Can it be reversed in courts instead?
This is also a possibility. Sixteen states, led by California Attorney General Xavier Becerra, have filed a lawsuit alleging the president’s move is unconstitutional. President Trump anticipated this move when announcing the emergency, predicting the lawsuit would move through U.S. courts all the way to the U.S. Supreme Court.
There is some precedent for the Supreme Court to overturn a presidential move on the basis of an emergency. The court ruled 6-3 against President Harry Truman for his 1952 move seizing control of U.S. steel factories during the Korean War. But Truman’s seizure of the factories was made under his constitutional powers, not under the basis of an emergency.

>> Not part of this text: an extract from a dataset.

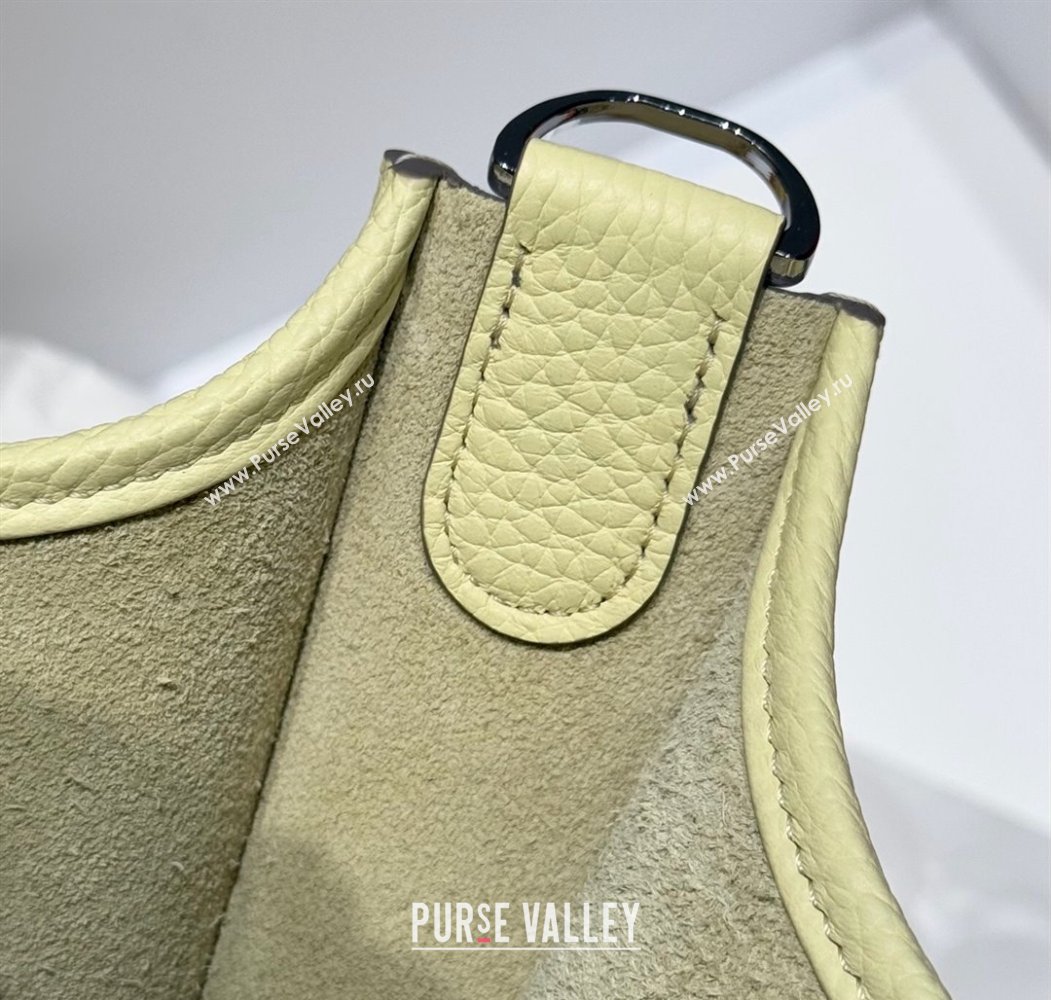 Hermes Evelyne Bag 29cm in Togo Calfskin Leather Milton Yellow 2025 (FL-250808115)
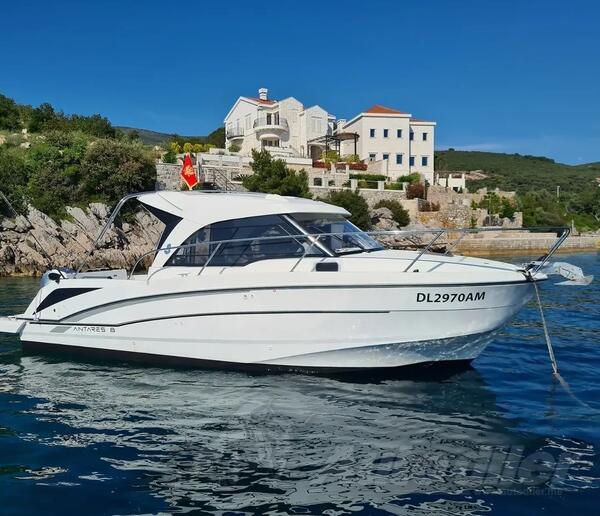 Beneteau - Antares 8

The current lawsuit’s movement through the U.S. court system would take time while a congressional resolution would move relatively quickly.
What are the chances of passage?
The resolution will almost certainly pass the Democratic-majority U.S. House. But it faces a much tougher road to passage in the Senate, where the Republicans hold a 53-47 seat majority. The Democrats must enlist the support of at least four Republicans in order to win passage in the Senate. Even if the measure somehow wins passage in the Senate, proponents would have to muster a two-thirds majority to override Trump’s almost certain veto.
Still, some Republican senators expressed grave concerns about Trump’s use of the emergency declaration.
“We have a crisis at our southern border, but no crisis justifies violating the Constitution,” said Senator Marco Rubio, a Florida Republican.